DDIA: How to Partition a Database

This article is part of my notes from Chapter 6 on Designing Data-Intensive Applications by Martin Kleppmann. You can read other chapter notes as well.

Chapter 1: Reliability, Scalability, and Maintainability in Distributed Applications
Chapter 2: Data Models and Query Languages
Chapter 3: Data Storage and Retrieval
Chapter 4: Encoding, Decoding, Schemas, and Data Evolution
Chapter 5: Data Replication
Chapter 6: Database Partitioning
Chapter 7: Transactions
Chapter 8: The Trouble with Distributed Systems
Chapter 9: Consistency and Consensus
Chapter 10: Batch Processing
Chapter 11: Stream Processing
Chapter 12: The Future of Data Systems

We talked about data replication in the last chapter. Database partitioning and replication techniques are often combined. While the replication is for fault tolerance, the goal of partitioning is scaling systems. Partition means part of nodes that can be replicated to other nodes. Each node can contain multiple partitions, and each partition can be either a leader or a follower if replicated.
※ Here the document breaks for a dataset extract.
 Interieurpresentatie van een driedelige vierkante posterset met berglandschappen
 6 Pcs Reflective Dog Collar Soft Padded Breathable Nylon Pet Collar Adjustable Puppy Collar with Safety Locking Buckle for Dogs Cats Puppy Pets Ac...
Although replication and partitioning are related, strategies and how they impact each other are not necessarily entangled. So, there is no need to discuss them together.

We’ll talk about partitioning key-value data (as it is the primary index), partitioning secondary indexes, rebalancing, and rerouting.

Partitioning of Key-Value Data

In theory, if we partition one node into fifteen nodes, the system should be able to handle fifteen times the load it handles with one node. In practice, it doesn’t work like that. Depending on how we partition, some partitions take more load than others and become bottlenecks.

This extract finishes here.